• _Given information_:
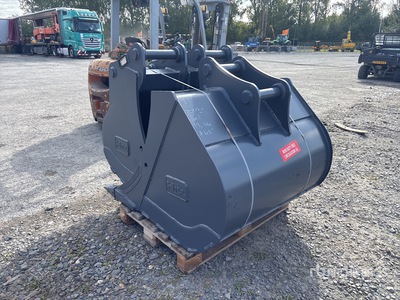 Quantity of (3) Titan Excavator Bucket - Fits Hitachi ZX130 (Unused)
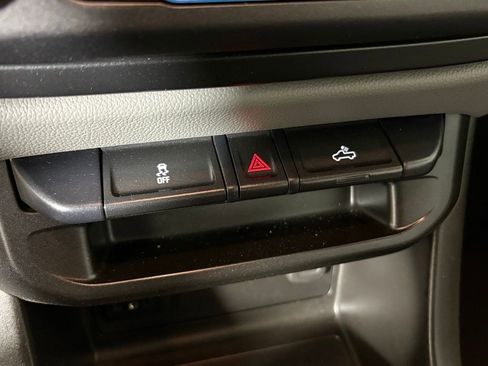 Used 2022 Chevrolet Colorado W/T w/ Custom Special Edition image 29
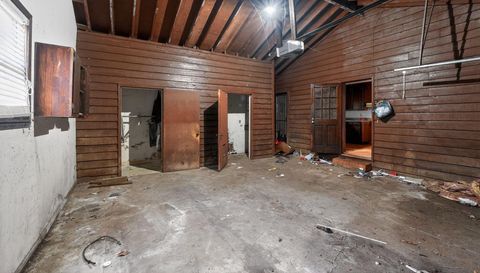 4579 Tudor Castle Dr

• _How to complete this task_:
Could you print the listing above exactly, without the pictures?

• _Task answer_:
 Quantity of (3) Titan Excavator Bucket - Fits Hitachi ZX130 (Unused)
 Used 2022 Chevrolet Colorado W/T w/ Custom Special Edition image 29
 4579 Tudor Castle Dr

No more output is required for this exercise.